In much of the world, “A2A is disrupting payment value chains with lower costs of payment acceptance versus cards,” FIS reports. For example, in Europe, its research shows, pay-by-bank represented 18% of e-commerce transactions in 2022. Some experts predict that new European regulations requiring more use of the payment technology will goose this number considerably. In some countries, among them Poland, Finland and the Netherlands, A2A already dominates payments. In Poland, 67% of ecommerce relies on A2A.

With the advent of FedNow sparking change in the U.S., times are changing.

“By late 2024, hundreds more banks and payment service providers will launch account-to-account faster payment capability, urged on by merchant sensitivity around card fees and banks delivering payment solutions to complement open banking.”

— Forrester, Predictions 2024: Payments

It behooves traditional banking institutions to consider the possibilities on both the consumer and business banking fronts sooner rather than later because pay-by-bank isn’t completely in their control.

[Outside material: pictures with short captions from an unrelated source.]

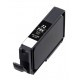 CANON PGI-72PBK Cartouche Photo Noir compatible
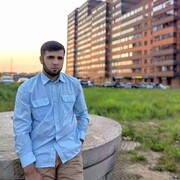  ,   , 27 ,   ,   , c 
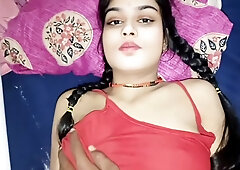 Hot Sexy Muslim Girl Sex Video And Desi Girl Sex Video And Indian Sex Video Xxx Video Desi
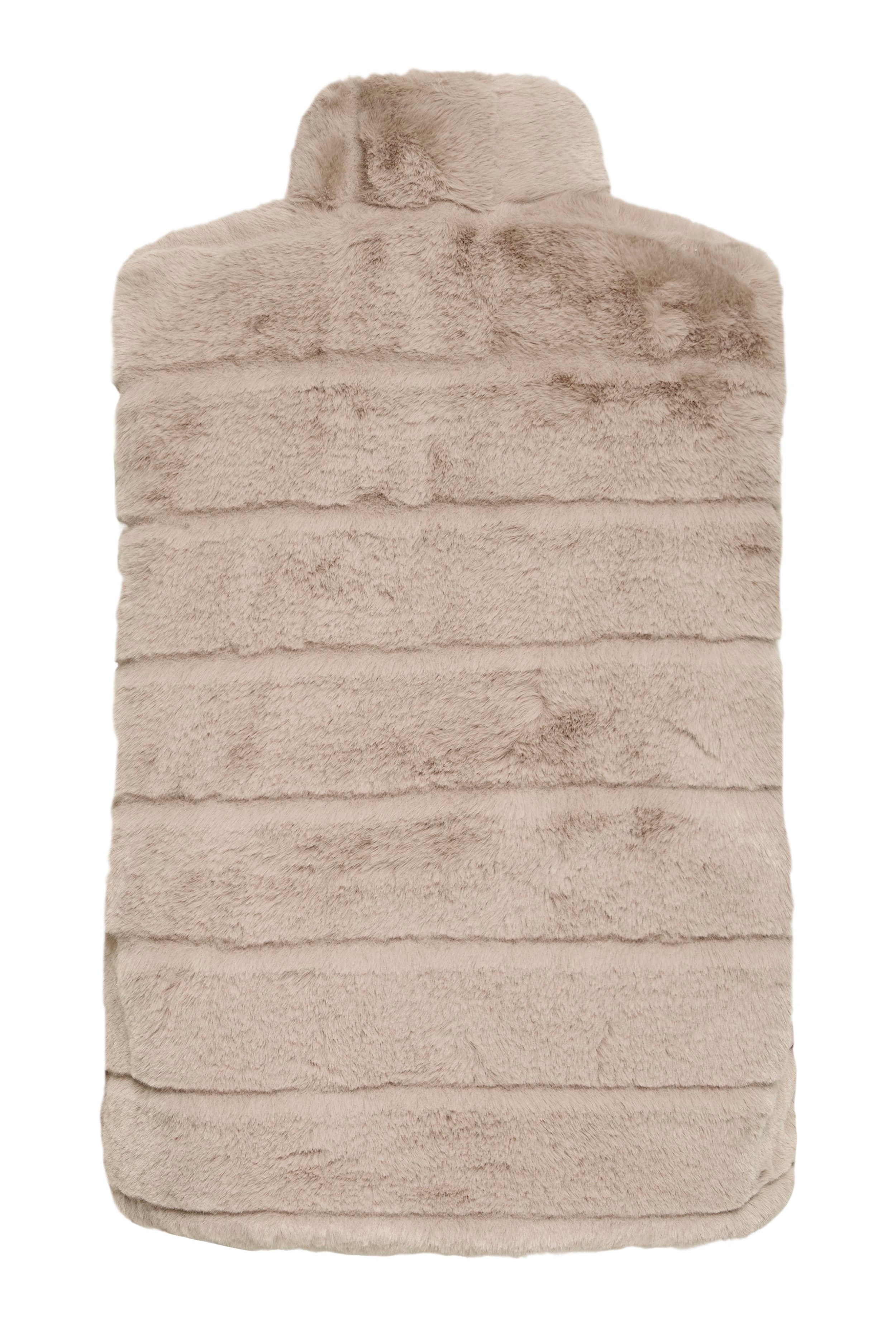 SBMELLA Vest PACK BACK 22101096-170909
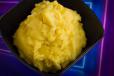 Mashed Potato
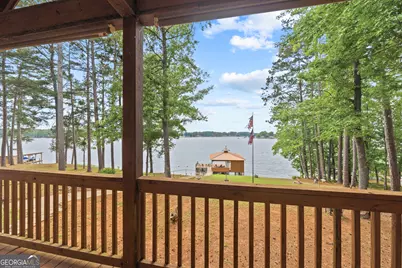 955 Barbara Point Road, Sparta, GA 31087 - Photo 23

How Pay-by-bank Will Fit into U.S. Payments Mix

Pay-by-bank enables people to make payments directly from their bank accounts, bypassing even debit cards. As currently practiced in the U.S. A2A transactions generally use the automated clearinghouse. This access is promoted by online retailers who work with consumers to obtain their payment credentials, with safeguards built in, so payments can subsequently be run through the ACH system, much like sending through a check. The funds come out of their deposit accounts. Unlike a debit card, no interchange fee is charged.

To get consumers to try this alternative to their familiar cards, merchants often offer incentives, such as immediate cost savings or loyalty rewards. Among examples in ecommerce are the Summer Fridays skin care site, which gives 10% store credit for pay-by-bank purchases. At point of sale, there are programs like Gas Buddy, which claims it can used at nearly all gas stations, which includes discounts of up to 25 cents a gallon.

Stripe, Rapyd, Flywire, Adyen and other payment companies have been coming up with A2A offerings for merchants to offer to consumers and these fintechs have been increasing the likelihood that pay-by-bank will grow.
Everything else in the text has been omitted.